Die Idee: Im Rahmen eines Marktes präsentieren die Mitglieder des Vereins Produkte, die Ergebnisse ihrer Fähigkeiten und Talente sind. Gut ein Dutzend Stände waren aufgebaut worden. Da gab es Leckereien mit Marmeladen, Likören sowie Käse aus Schaf- und Ziegenmilch. Dekoratives für Zuhause wurde mit Bildern, Skulpturen, Töpferarbeiten und Topfpflanzen geboten. Glückwunschkarten, Duftsäckchen und Backbücher können wunderbar verschenkt werden.

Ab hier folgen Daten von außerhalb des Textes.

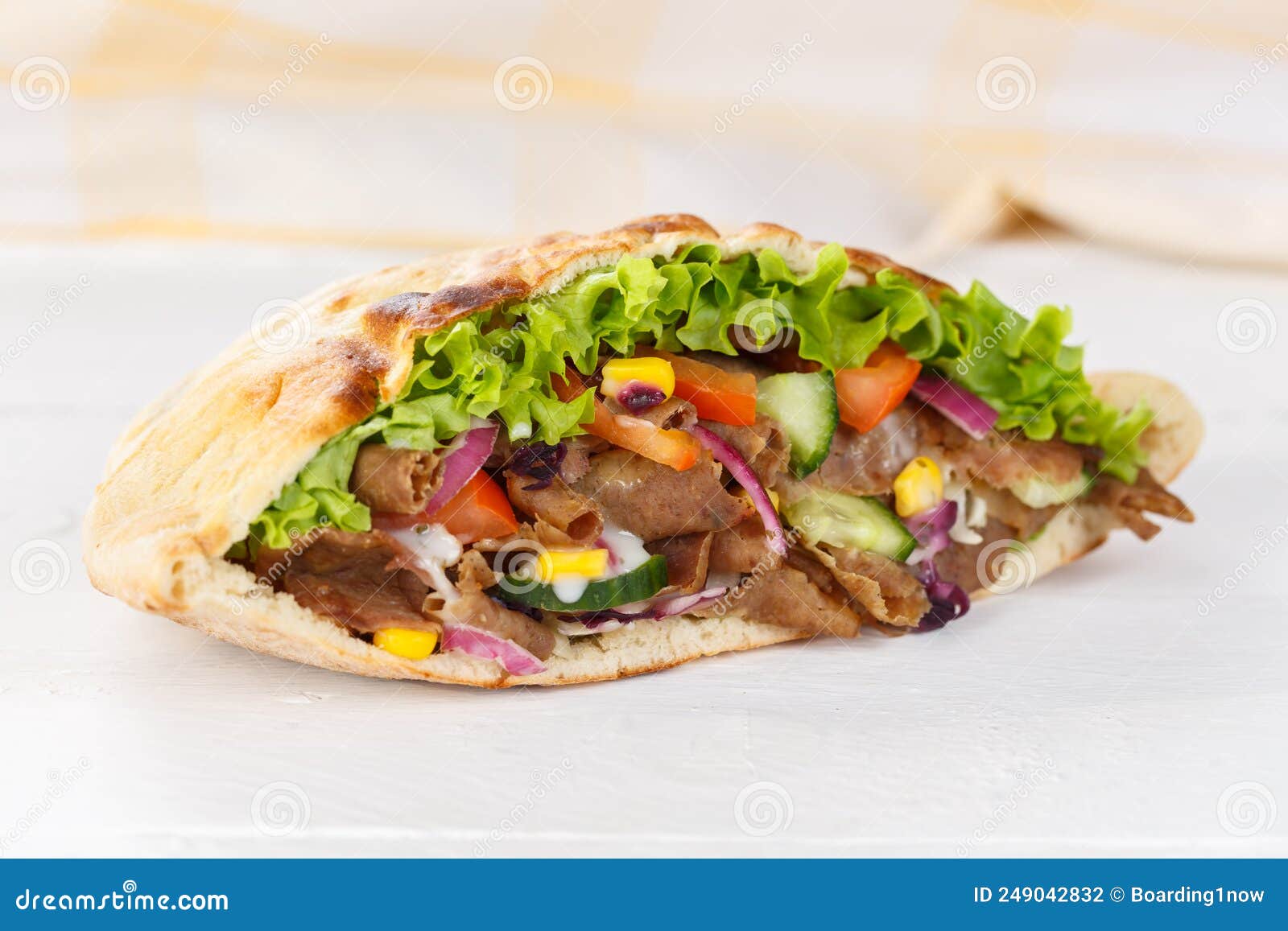 dÃÂ¶ner kebab doner kebap slice fast food in flatbread on a wooden board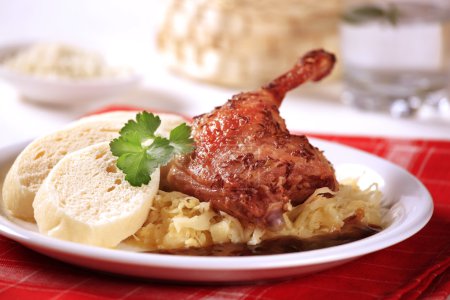 Roast duck with sauerkraut and dumplings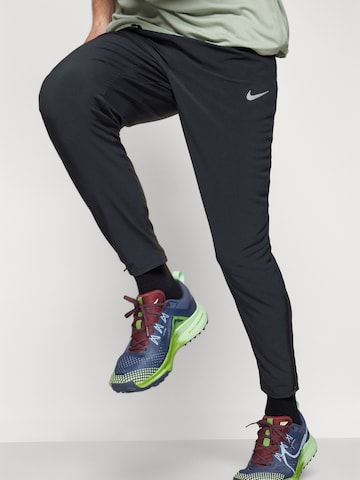 NIKE Tapered Workout Pants 'STRIDE' in Black
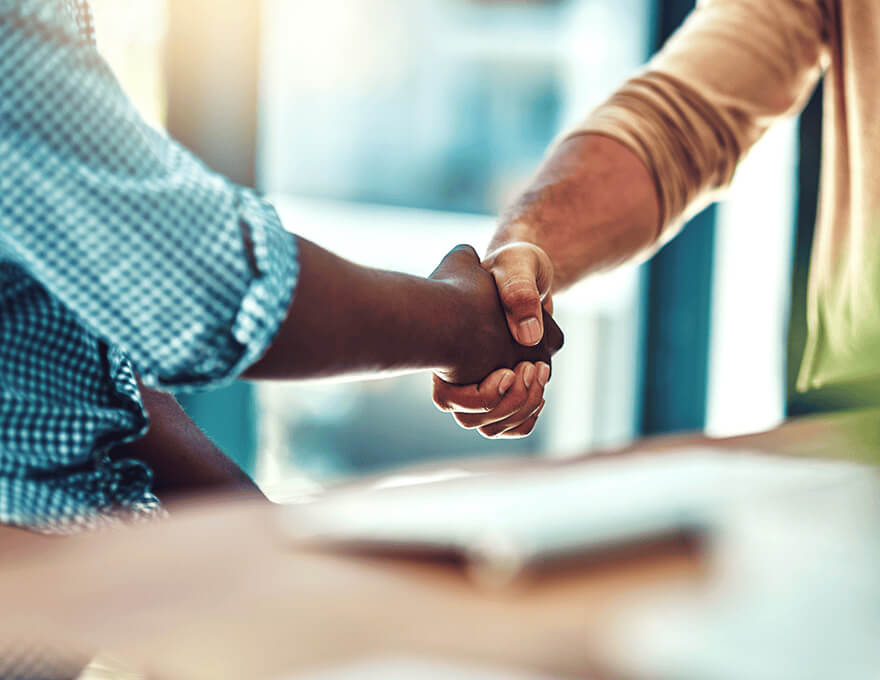 Two-men-shaking-hands-while-closing-a-deal-1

Hinzugeholt wurden von den Landfrauen Aussteller aus der Marsch, wie Ina Koopmann mit ihrem Stand des Hofes Kruse. Ordentlich zu tun hatte die Haseldorferin, die Milchprodukte unter die Leute zu bringen. „Das war eine gute Werbung“, zieht Ina Koopmann Bilanz. Die Landfrauen zeigten aber auch, wofür sie sich stark machen. So gab es einen Stand, mit dem um Unterstützung für das Kinderhospiz „Sternenbrücke“ geworben wurde. Angela Schuldt und Maren Plüschau organisieren die Aktion, Sie kooperieren dabei mit der Gemeinde Haseldorf.

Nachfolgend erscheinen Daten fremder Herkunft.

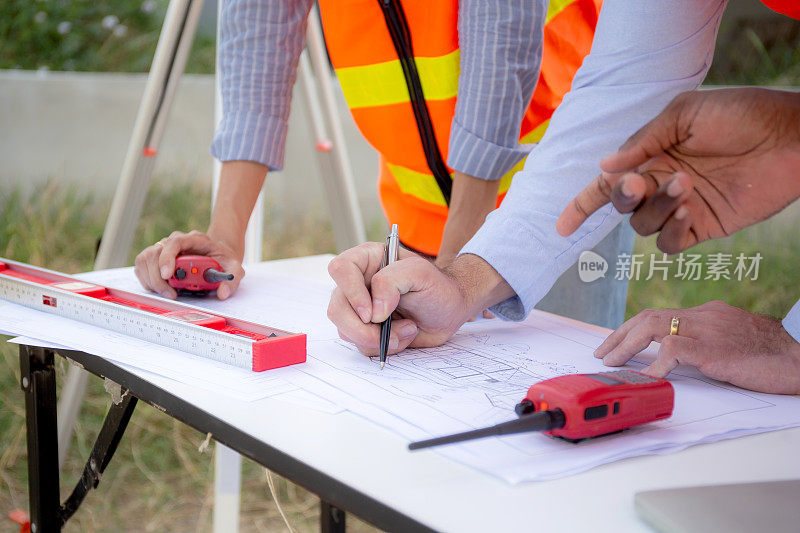 团队年轻工程师与同事一起在施工现场进行规划，检查和调查，建筑师讨论和查看蓝图，工业和房地产工人概念。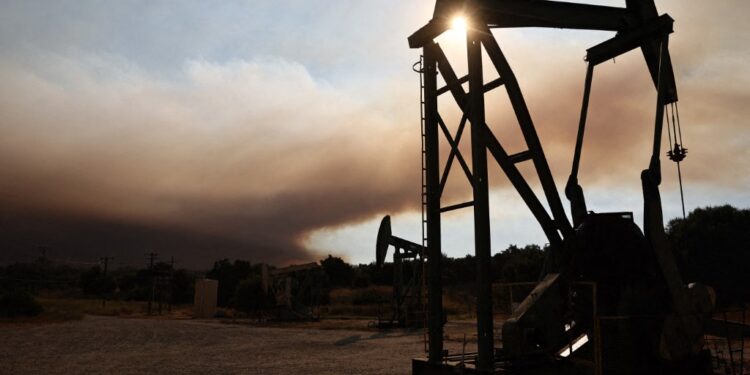 LOS OLIVOS, CALIFORNIA - JULY 06: Oil pumpjacks operate as the Lake Fire burns in Los Padres National Forest with evacuation warnings in the area on July 6, 2024 near Los Olivos, California. The wildfire in Santa Barbara County has scorched 4,600 acres amid a long-duration heat wave which is impacting much of California.   Mario Tama/Getty Images/AFP (Photo by MARIO TAMA / GETTY IMAGES NORTH AMERICA / Getty Images via AFP) النفط يتراجع وسط ترقب لقرار أوبك+ بشأن الإمدادات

Die Patchwork-Gruppe der Landfrauen unterstützt die Aktion „Herzen gegen Schmerzen“, mit denen brustkrebsoperierten Patientinnen geholfen werden soll. Nicole Kaufmann hatte sie einst gegründet und konnten 70 Herzkissen während des Landfrauenmarktes in Empfang nehmen. Insgesamt hat die Patchworkgruppe schon 170 Herzkissen genäht, die über die Regio-Klinik in Pinneberg an die operierten Frauen gehen. Besuch bekamen die Marschmerinnen auch von Landfrauen-Vereinen aus der Nachbarschaft. Die Vorsitzenden Martina Kleinwort (Nordende und Umgebung) und Heidi Kieselbach (Holm) ließen sich ebenfalls informieren.

Bereits zweimal hatten die Landfrauen ähnliche Veranstaltungen organisiert. Durch den Erfolg dieser Aktion scheint sicher, dass Vergleichbares in ein paar Jahren wieder stattfinden wird.